Spiro: It is the demonization of immigrants as a group. It’s a Willie Horton-type tactic — the famous advertisement that George H.W. Bush used against Michael Dukakis in his 1988 presidential bid — highlighting a person who was released on probation then engaged in criminal activity. It’s basically a “bad apple” kind of approach to immigrants. We’re talking about a population of over 10 million individuals who are here out of status with the immigration laws. Obviously, in a 10-million person population, however defined, there are going to be some people who are not great people. If you look at veterans, for instance, there are some veterans who can commit awful crimes, but that doesn’t mean we should demonize veterans as a group. And so, it’s unfortunate that, as a psychological matter, it plays so well politically to highlight the pretty isolated cases in which ICE releases have resulted in violent crime. In fact, it’s been shown statistically that immigrants engage in crime at a lower level than the rest of the population.

WHYY: About 13 percent of Philadelphia’s population is foreign-born, a number expected to rise in the coming decades. Do you foresee any population ripple effects by the Trump administration’s crackdown on unauthorized residents?

Spiro: It’s quite clear that immigrants are engines of economic growth. And if we want Philadelphia to maintain economic vibrancy — and to grow — immigrants are clearly going to be an important part of that story. Immigrants have a choice as to where to live in the United States, whether they are documented or not. And they are more likely to live in places where they feel welcome.

WHYY: City Council President Darrell Clarke has started to back away from the mayor’s position that Philadelphia should not change its sanctuary city status, saying losing millions in federal funding could have a meaningful impact of the city’s residents. Do we know yet how far the Trump administration can go in really withholding federal grant funding to cities like Philly?

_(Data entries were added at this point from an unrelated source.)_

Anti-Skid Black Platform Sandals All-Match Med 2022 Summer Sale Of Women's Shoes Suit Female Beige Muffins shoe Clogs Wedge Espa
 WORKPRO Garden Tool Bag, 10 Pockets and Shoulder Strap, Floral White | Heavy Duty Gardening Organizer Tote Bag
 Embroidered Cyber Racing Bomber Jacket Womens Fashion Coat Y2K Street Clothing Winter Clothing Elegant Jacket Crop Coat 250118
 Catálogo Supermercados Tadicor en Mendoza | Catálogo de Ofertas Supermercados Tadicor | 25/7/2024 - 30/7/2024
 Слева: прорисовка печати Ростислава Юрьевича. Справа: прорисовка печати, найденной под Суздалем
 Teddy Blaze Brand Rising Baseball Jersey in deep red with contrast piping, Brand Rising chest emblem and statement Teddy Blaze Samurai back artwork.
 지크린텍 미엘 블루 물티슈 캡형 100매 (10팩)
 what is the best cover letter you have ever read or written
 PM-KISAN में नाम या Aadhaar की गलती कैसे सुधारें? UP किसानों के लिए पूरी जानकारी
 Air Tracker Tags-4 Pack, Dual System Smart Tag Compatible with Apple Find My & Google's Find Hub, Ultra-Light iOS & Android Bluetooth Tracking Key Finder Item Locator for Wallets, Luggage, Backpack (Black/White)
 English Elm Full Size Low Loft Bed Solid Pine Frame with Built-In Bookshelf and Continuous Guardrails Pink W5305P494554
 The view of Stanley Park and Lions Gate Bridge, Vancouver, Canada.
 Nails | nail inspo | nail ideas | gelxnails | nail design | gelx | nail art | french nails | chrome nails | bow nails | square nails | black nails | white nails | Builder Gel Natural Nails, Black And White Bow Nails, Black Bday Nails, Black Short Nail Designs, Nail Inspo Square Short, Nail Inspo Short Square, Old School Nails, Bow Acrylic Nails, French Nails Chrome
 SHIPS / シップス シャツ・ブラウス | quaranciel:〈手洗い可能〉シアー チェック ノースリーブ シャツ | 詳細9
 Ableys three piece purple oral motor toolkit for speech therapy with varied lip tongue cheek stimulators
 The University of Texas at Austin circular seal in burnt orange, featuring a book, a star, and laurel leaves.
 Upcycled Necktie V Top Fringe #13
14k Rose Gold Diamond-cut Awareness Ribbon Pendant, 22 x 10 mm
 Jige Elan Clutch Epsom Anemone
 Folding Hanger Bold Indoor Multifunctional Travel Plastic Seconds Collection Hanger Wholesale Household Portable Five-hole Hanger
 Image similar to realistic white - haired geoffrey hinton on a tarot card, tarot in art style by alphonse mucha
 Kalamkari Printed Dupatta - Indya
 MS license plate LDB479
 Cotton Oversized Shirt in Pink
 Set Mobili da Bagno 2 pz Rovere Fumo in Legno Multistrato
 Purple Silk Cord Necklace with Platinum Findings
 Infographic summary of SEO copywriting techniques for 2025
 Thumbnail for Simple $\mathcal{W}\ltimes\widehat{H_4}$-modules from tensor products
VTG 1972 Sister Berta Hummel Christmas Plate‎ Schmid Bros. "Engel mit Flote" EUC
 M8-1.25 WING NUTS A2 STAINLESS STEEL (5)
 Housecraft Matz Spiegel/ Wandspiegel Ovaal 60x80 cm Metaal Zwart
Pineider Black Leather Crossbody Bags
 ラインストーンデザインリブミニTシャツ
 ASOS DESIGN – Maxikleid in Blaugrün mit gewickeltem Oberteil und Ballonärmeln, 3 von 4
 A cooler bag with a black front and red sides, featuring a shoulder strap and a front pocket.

Spiro: The extent to which the Trump administration can carry through on those threats is actually not clear. The Trump administration would have to establish some connection between the grants they are trying to withhold and the refusal on the part of the local jurisdiction to cooperate with federal immigration enforcement activity, so it would not be all federal grants. And this actually comes out of U.S. Supreme Court decision, relating to the constitutional challenge to Obamacare, in which the court said the federal government can’t hold a gun to state and local government with respect to federal grant funding to force a particular decision on the part of the state or local jurisdiction. It’s clearly something less than all federal funding, but it could still be a non-trivial amount of funding that could be put on the block here. Although, I think that’s a hit worth taking. Any steps away from maintaining the sanctuary city position would be a mistake to the extent that it scares away these highly productive members of our community.

WHYY: If this debate does move to the courtroom, how do you suspect proponents of the sanctuary city position may argue, and how might a court rule?

Spiro: It’s a combination of Fourth Amendment grounds and federalism grounds. There’s something called the Anti-Commandeering Principle, which actually was most notably articulated by former Justice Scalia on the Supreme Court, which says the federal government can’t enlist local jurisdictions in the enforcement of federal law against their will. In the end, I think the courts are likely to affirm the constitutional authority of cities like Philadelphia to resist this kind of forced cooperation with immigration enforcement.